Or if you have to make a content scraper bot, why not say, a Reuters or AP breaking news bot instead of Reddit?
I find it annoying, much like when people copy Twitter posts onto Mastodon. I come here to get away from that stuff.
Same. I could always use something like Teddit.net to browse Reddit without a log in but you lose out on the discussion and as far as I’m concerned the same thing happens when people dump links or repost content from other platforms.
It’s the chicken/egg problem, with no content there’s no community, but with no community there’s no content. Even reddit at the very beginning had bots & admins with alt accounts reposting things from digg to get the ball rolling.
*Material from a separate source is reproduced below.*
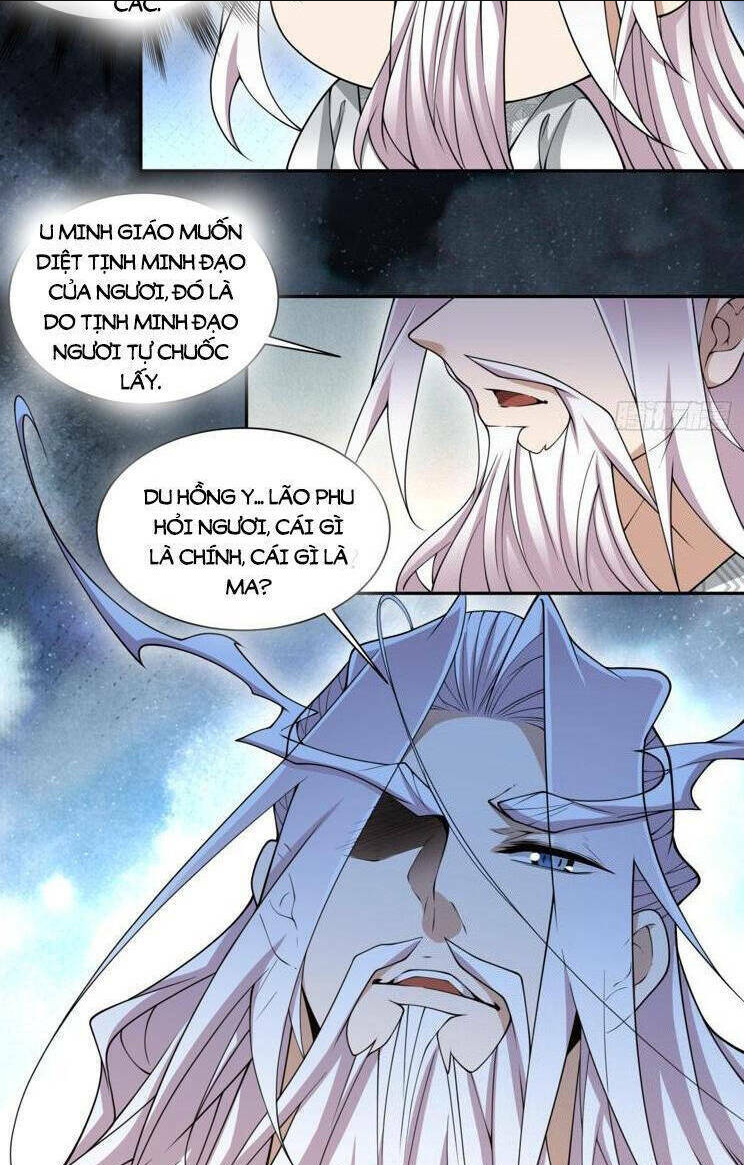 Đồ Đệ Của Ta Đều Là Đại Phản Phái Chap 221 - Next Chap 222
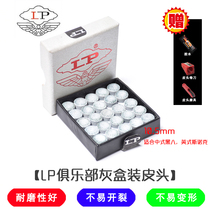 Leather head LP billiard clubhead small head male pole Chinese American English style snooker table ball with large head tip rod mouth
So news, articles, memes links I’m fine with them copying over here, because that’s content, not the community. Anything to build up content quickly helps build the community. But things like askreddit questions or other self posts should be left on reddit, that’s their identity, not ours
I understand the why to copy content from Reddit , even more if it’s eg.: a community branching out from there to here, or people who are dissatisfied there trying to rebuild here. But those things ought to be done manually to build community, otherwise you are just building up yet another glorified aggregator.
Is Lemmy not a link aggregator?
Manually, or at least selectively.
If I wanted reddit posts I would go back on Reddit. Posting a couple here and there I think is okay but not so much for flooding the place.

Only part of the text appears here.